Der Rote Löwen wird für viel Geld in ein Bürgerzentrum umgestaltet.
Der Rote Löwen wird für viel Geld in ein Bürgerzentrum umgestaltet. | Bild: Sprich, Roland

So entstand beispielsweise das Funktionskonzept des Anbaus. „Dieser Anbau sichert die flexible Benutzung des Hauses unter unterschiedlichen Vorgaben, die sehr differenziert sein können“, sagt Stefan Blum. So müsse der Bürgersaal genutzt werden können, ohne dass die Begegnungsstätte in Betrieb ist.

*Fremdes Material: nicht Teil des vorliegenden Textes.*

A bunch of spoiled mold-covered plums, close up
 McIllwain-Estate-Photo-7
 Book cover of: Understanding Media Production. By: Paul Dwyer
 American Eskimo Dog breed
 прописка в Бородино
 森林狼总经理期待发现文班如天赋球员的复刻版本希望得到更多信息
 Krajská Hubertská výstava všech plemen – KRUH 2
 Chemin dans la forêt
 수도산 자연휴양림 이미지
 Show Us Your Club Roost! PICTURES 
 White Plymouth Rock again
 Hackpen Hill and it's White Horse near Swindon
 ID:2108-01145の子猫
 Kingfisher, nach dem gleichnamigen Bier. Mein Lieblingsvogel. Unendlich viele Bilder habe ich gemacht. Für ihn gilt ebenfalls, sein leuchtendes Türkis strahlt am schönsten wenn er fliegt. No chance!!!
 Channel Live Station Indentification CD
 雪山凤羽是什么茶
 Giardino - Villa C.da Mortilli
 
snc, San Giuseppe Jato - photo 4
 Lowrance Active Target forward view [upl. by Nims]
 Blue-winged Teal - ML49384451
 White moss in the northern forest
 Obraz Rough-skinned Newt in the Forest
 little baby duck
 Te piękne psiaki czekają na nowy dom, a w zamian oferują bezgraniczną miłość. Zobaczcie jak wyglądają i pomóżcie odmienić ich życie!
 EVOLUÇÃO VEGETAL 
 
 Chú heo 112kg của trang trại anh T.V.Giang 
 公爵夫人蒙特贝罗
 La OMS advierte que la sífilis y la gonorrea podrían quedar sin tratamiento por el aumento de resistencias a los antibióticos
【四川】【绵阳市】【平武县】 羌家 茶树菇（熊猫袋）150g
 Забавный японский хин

Und der Jugendraum funktioniert als eigenständige Einheit. Toilettenanlagen werden dagegen gemeinsam genutzt.

So konnten weitere Mehrkosten abgewendet werden

Bei einer Altbausanierung kämen zudem Notwendigkeiten hinzu, die einem das Objekt als solches abverlangt. „Altbau muss man wollen“, sagt der Fachmann. Am Beispiel des zunächst geplanten und jetzt wieder verworfenen Kellers im Anbau beschreibt Stefan Blum, dass nach einem geologischen Gutachten der Kellerbau „ein hochproblematisches Unterfangen gewesen wäre“. Dass es auf den ersten Blick im Gegensatz zueinander steht, dass der Anbau jetzt ohne Keller teurer wird als mit Keller, kann der Architekt zunächst nachvollziehen. „Wir sind bei der Kalkulation davon ausgegangen, einen Keller in normalem Rahmen zu erstellen.“ Zwar könne dieser jetzt nicht realisiert werden. „Aber gleichwohl muss der Anbau ja sicher stehen.“ Der eigentliche Profit sei, dass unabwendbare Mehrkosten abgewendet werden konnten, die entstanden wären, wenn der den Keller gebaut worden wäre.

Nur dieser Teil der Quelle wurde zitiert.